When the idea of a new music, comedy and snow sports festival manifested from a fun filled weekend in Aviemore a lot of ideas started flying. Of course, they needed a website and I offered to help. Over a long iterative process a number of requirements were thrashed out.
First and foremost this site was going to be the main sales channel for tickets to the festival, so some form of payment gateway and eCommerce system had to be included.
There was going to be a page for each of the acts present at the festival. This changed frequently as new acts were signed so these pages needed to be managed by the event organiser so changes could be made quickly without having to go to the web master, me.
We also had to make sure the charities we were supporting, and the sponsors, were given prominence on the page.
In the current version of the site some changes were made in line with lessons learned from the first festival.
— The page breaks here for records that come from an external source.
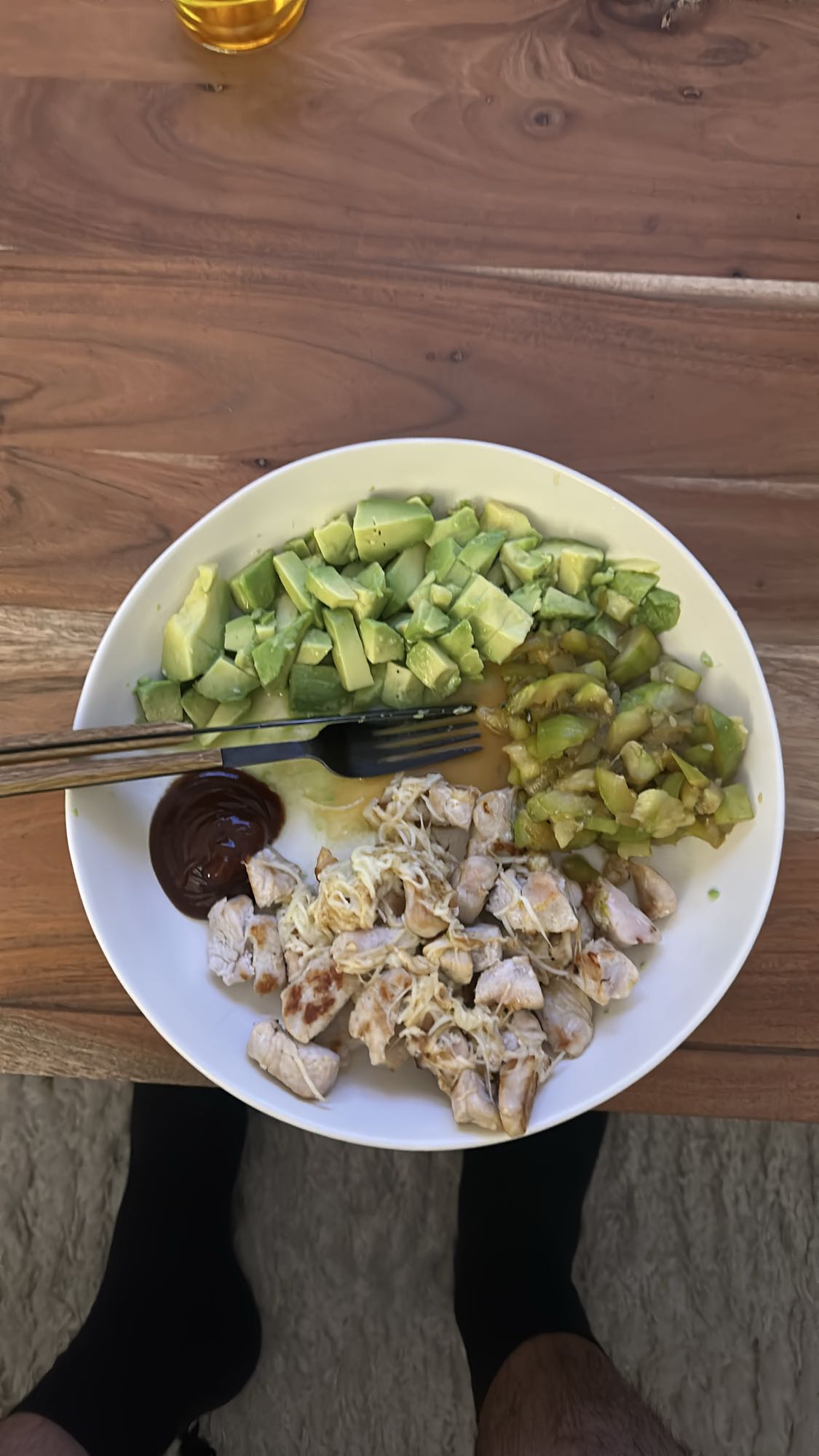 Poulet avocat légumes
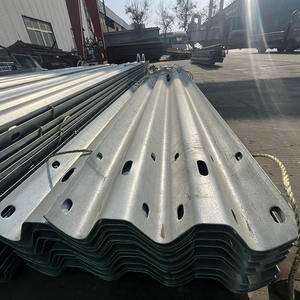 Tre onde Guard Rail autostrada Guardrail bordo strada del pannello di recinzione in metallo Crash barriera Post a forma di onda Guardrail Crash barriera pilastro - Product Image 5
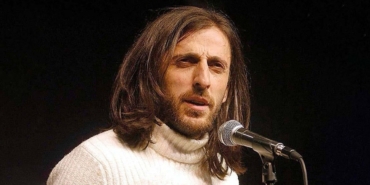 Kazim-Koyuncu-21.-Olum-Yil-Donumunde-Harbiye-Sahnesinde-Aniliyor-featured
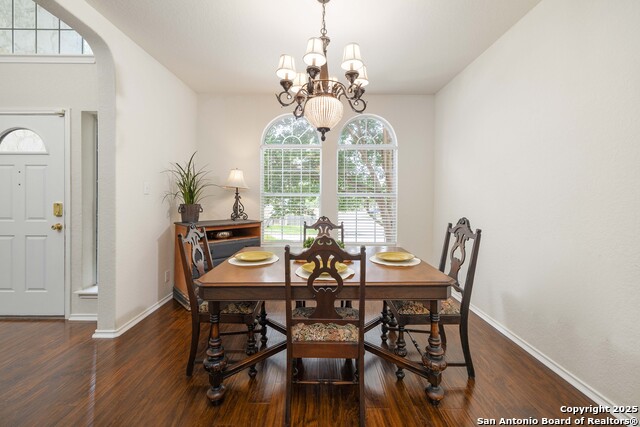 Image 6 of 36 For 729 San Gabriel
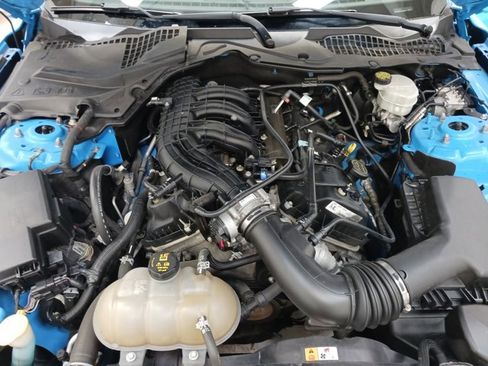 Used 2017 Ford Mustang Coupe image 28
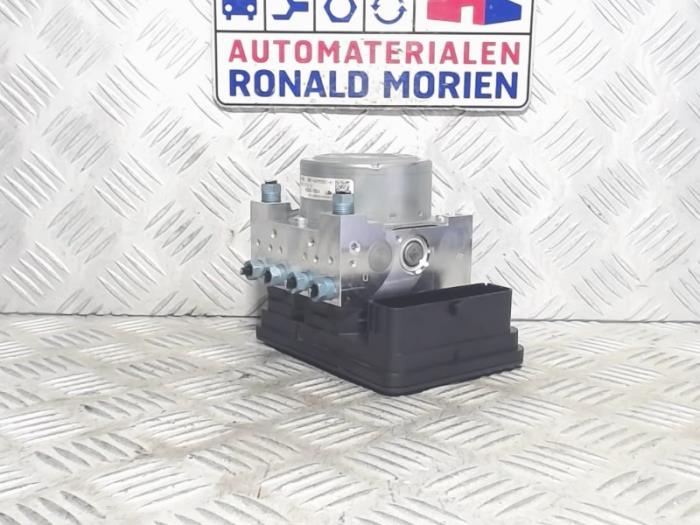ABS pump from a BMW X1 (F48) sDrive 20i 2.0 16V Twin Power Turbo 2019
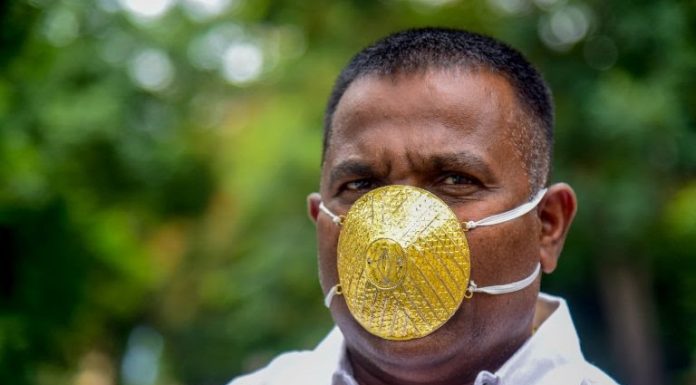 Un hombre fabrica una mascarilla de oro de alrededor de 3.400 euros mascarilla de oro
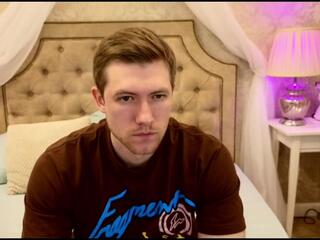 Ethan Pinkman webcam model stream image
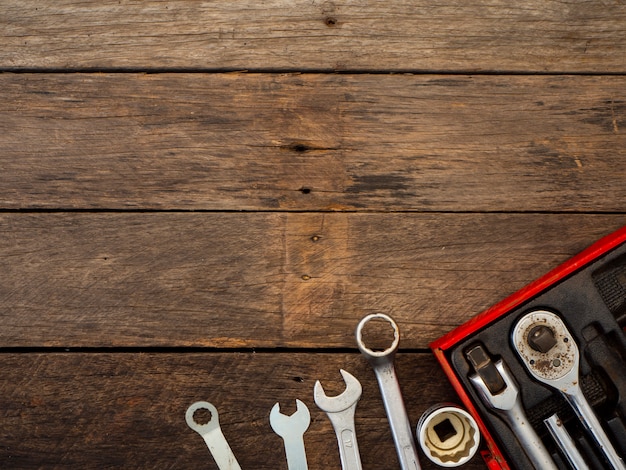 Vecchi strumenti su un tavolo di legno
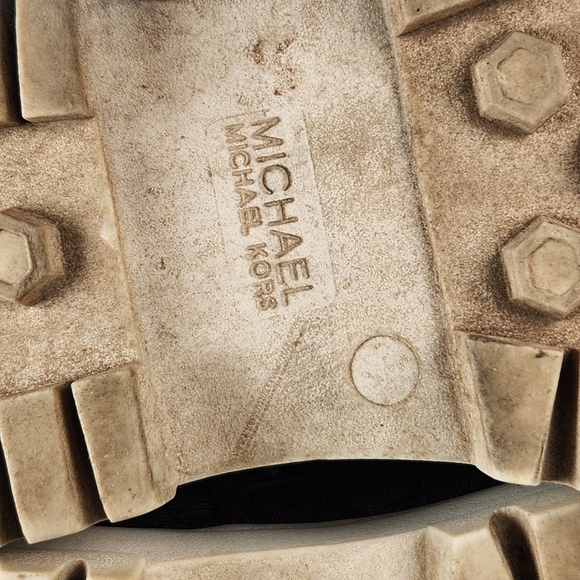 MICHAEL KORS Girls Payton Boot Size 2 Brown Lug Sole Signature Logo Textile - Picture 10 of 13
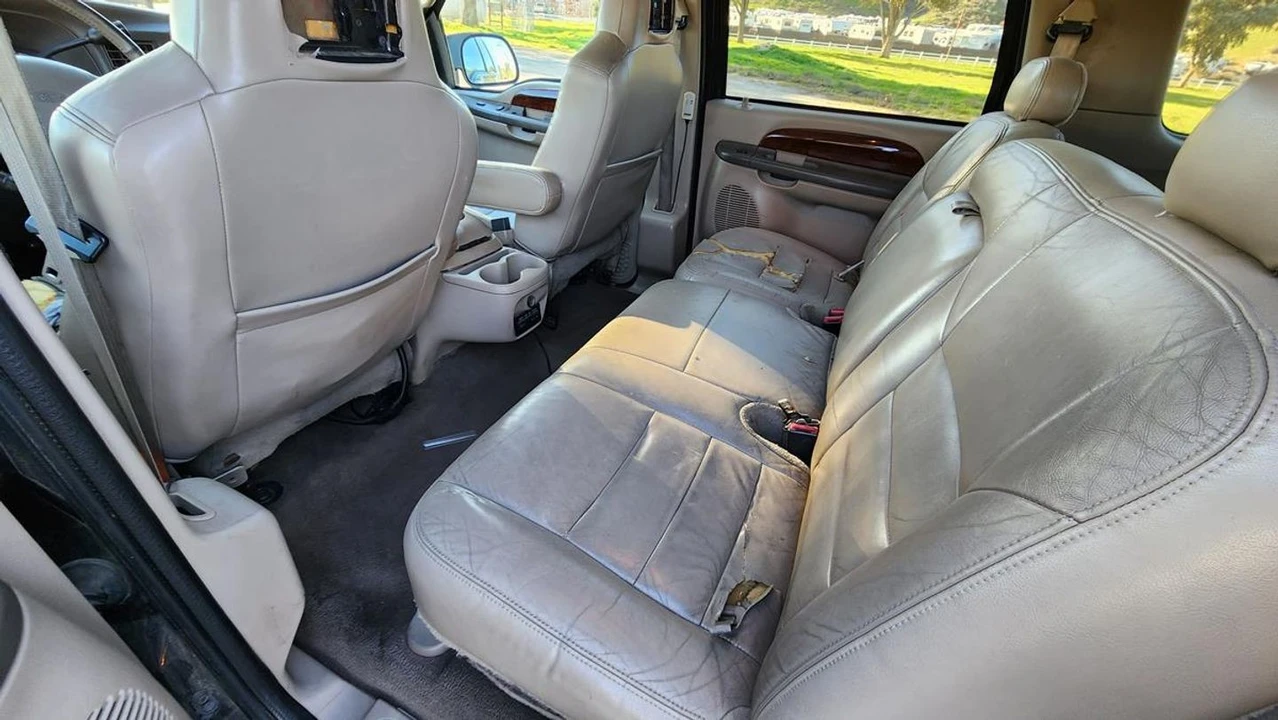2002 Ford Excursion - Image 16 of 31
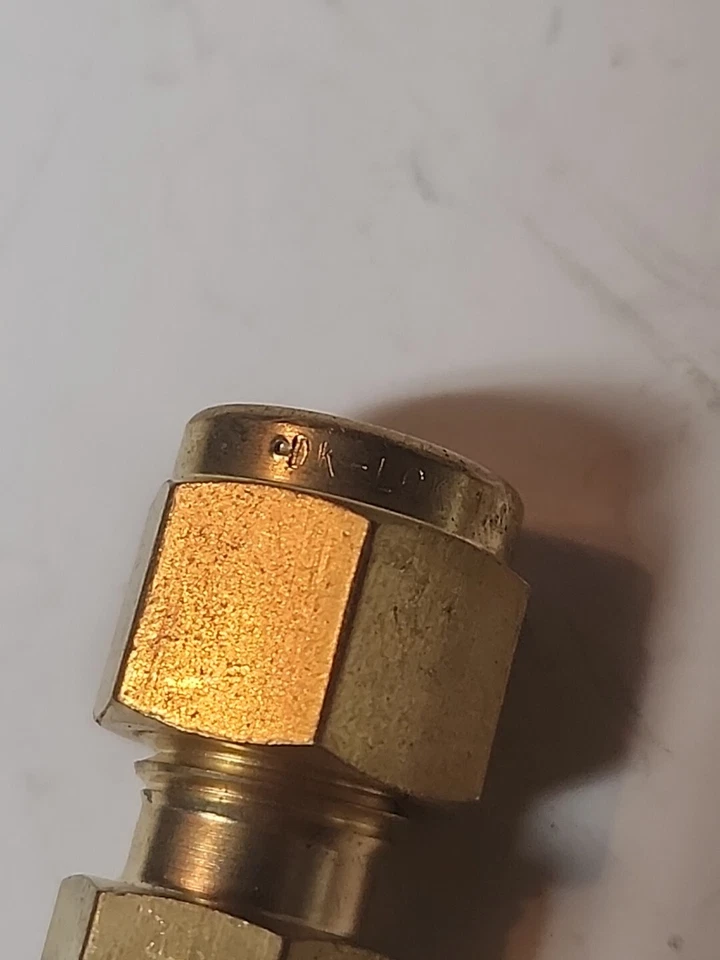 Parker 1/4" Tube OD Cap Plug Brass Tube Fitting Compression B-4C 5 Pack - Image 4 of 4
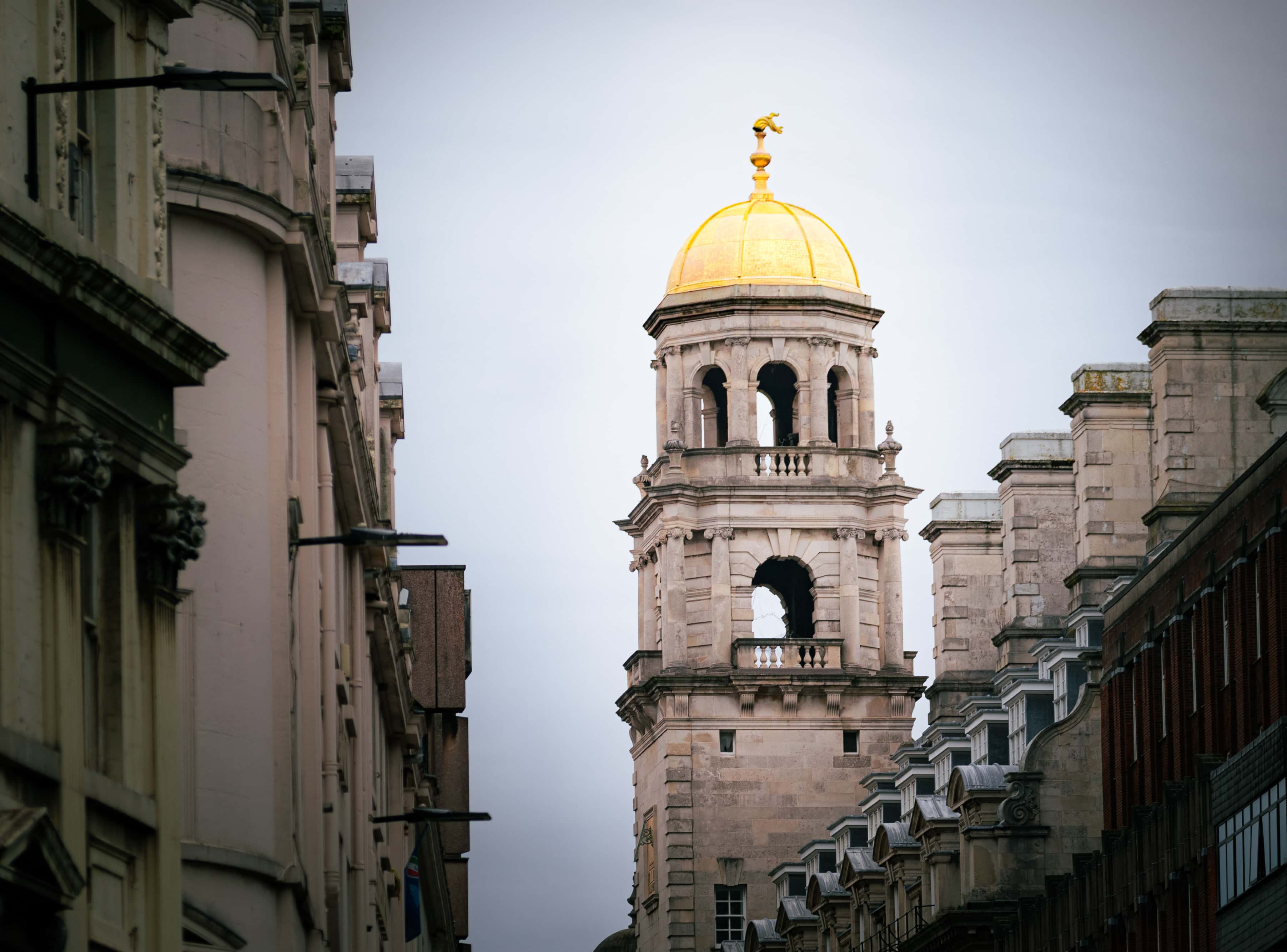 golden-dome-roof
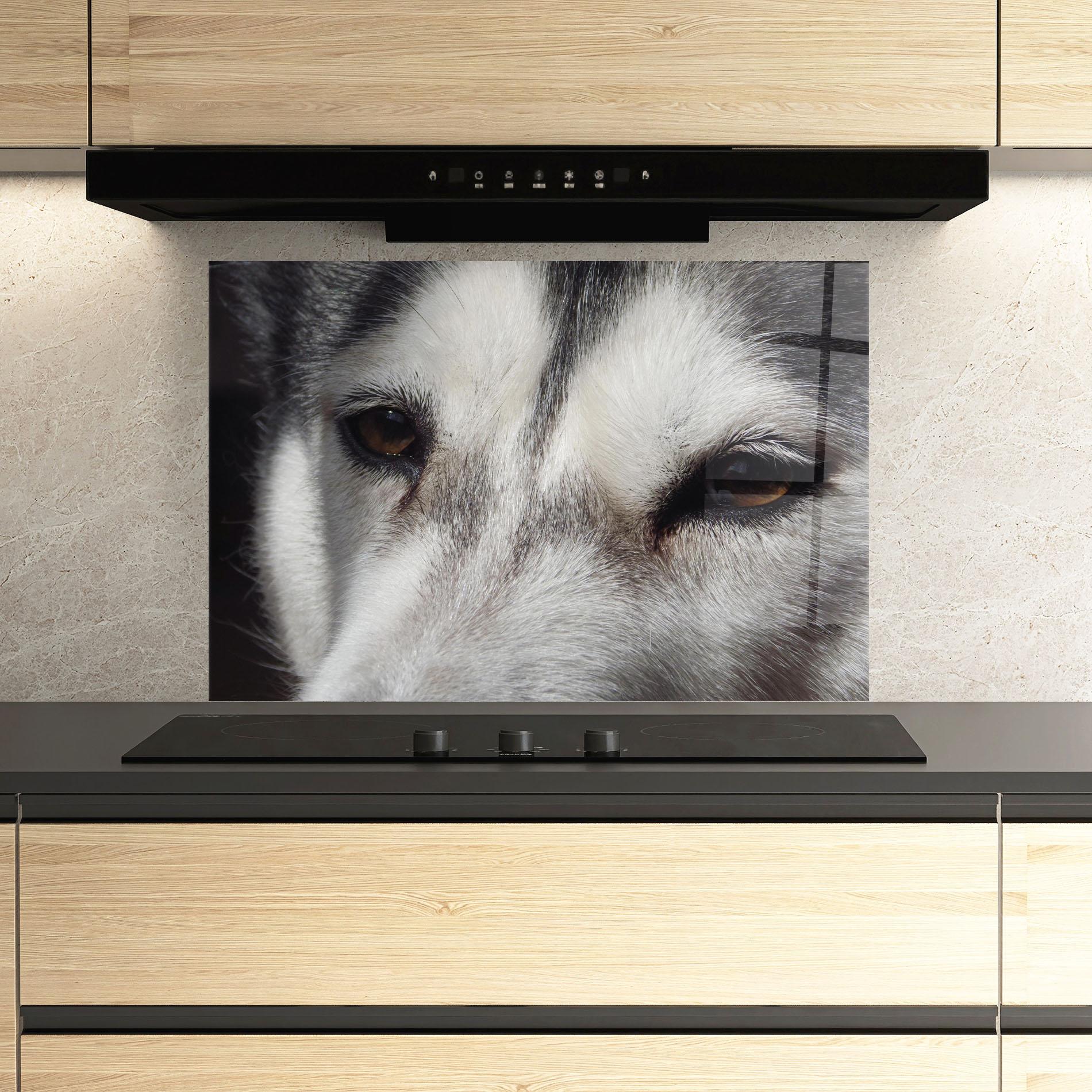 Panou Sticla Bucatarie Close Up Wolf mockup 3
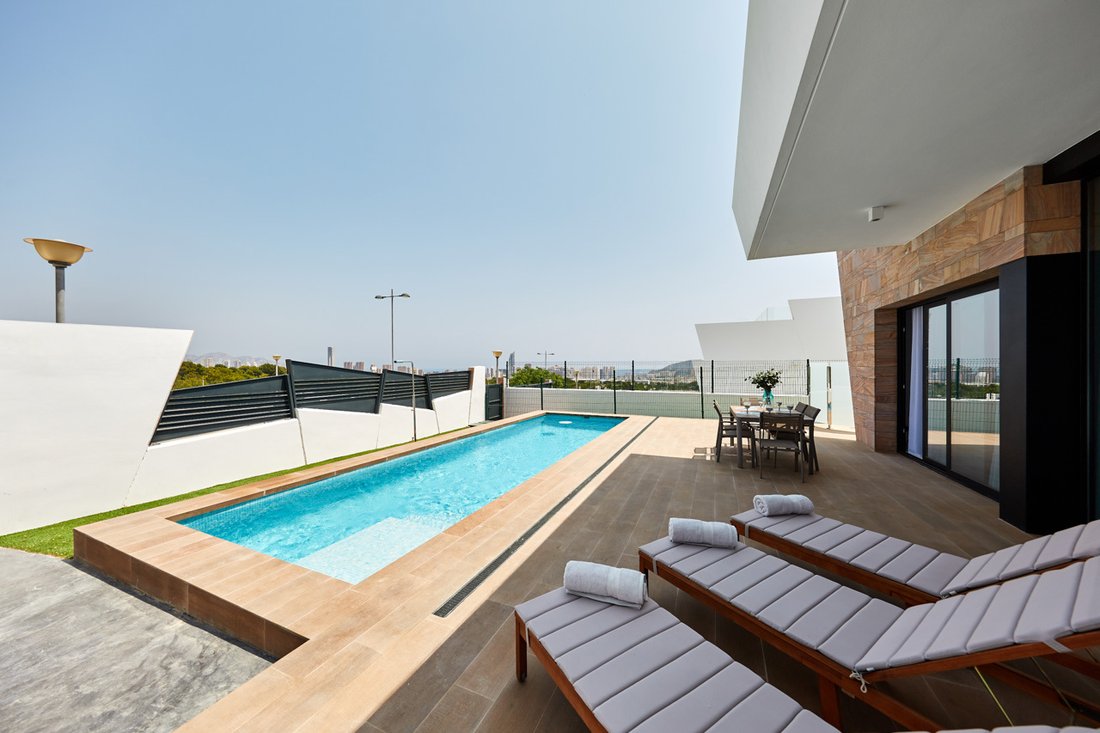 Villa in Finestrat, Valencian Community, Spain 1 - 12417002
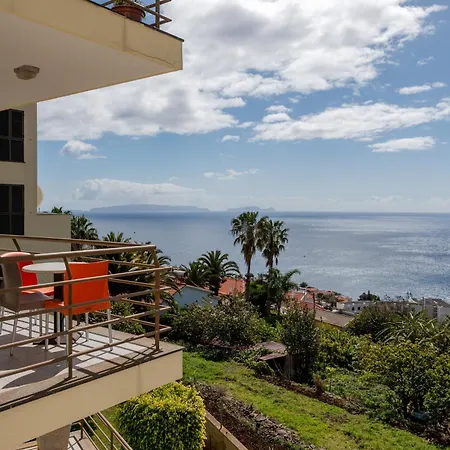 I By Trip2portugal * Caniço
- The colour scheme was changed in line with the clothing and other branding.
- Analytics showed a good percentage of users accessing the site with mobile browsers.
Let’s get started
Armed with a decent idea of what was needed, but with a free hand to design as I saw fit, I decided on a Drupal based site.
Drupal Commerce was used to facilitiate the ticket sales. Using PayPal as the gateway service keeps things simple and cheap for us running the site and presents a familiar and trusted interface to the ticket buying public.
Drupal Commerce itself uses the core functionality of Drupal leaving me the flexibility of Views to create the ticket sales pages, and Rules to allow time limited offers or discount codes. The sales manager of the festival has directed me to create some complex discount rules and the Drupal Rules system has given me the flexibility and confidence to tell him no matter how complex the rules get, it can be done.
The festival organiser, after some tuition, has had very little trouble adding pages as acts sign up, and editing any part of the site. I though I would have to try and explain the difference between blocks and nodes but as long as when logged in, the user sees the edit icon when hovering over an area, he doesn’t care and just gets the job done.
The typical Drupal layout afforded by the blocks system, in conjunction with the flexibility of views, meant I could use a sidebar to prominently display the charities on the page, followed by the main sponsors. The remaining sponsors and supporting local businesses are then left to a block at the bottom of every page and appear in random order to prevent any claims of favouritism.
Finally, I decided to create a responsive theme using Adaptive as a base.
Adaptive gave me a fluid layout and plenty of control to create multiple break points where the content, not a given device, require it. For example, the menu bar breaks when there’s no room for it and collapses down to a single button, which reveals a vertical menu system. This menu system still allows the user to expand and use the full scope of the menu.
The blocks are in order of importance, so the content the user sees is above the charity and headline sponsor images, which in turn are above the remaining sponsors logos.
During the first festival we were complimented by local businesses on the bright and obvious colours used on the staff clothing so it was important to maintain that. It does make for a striking colour scheme, but I should mention that the pink wasn’t my idea.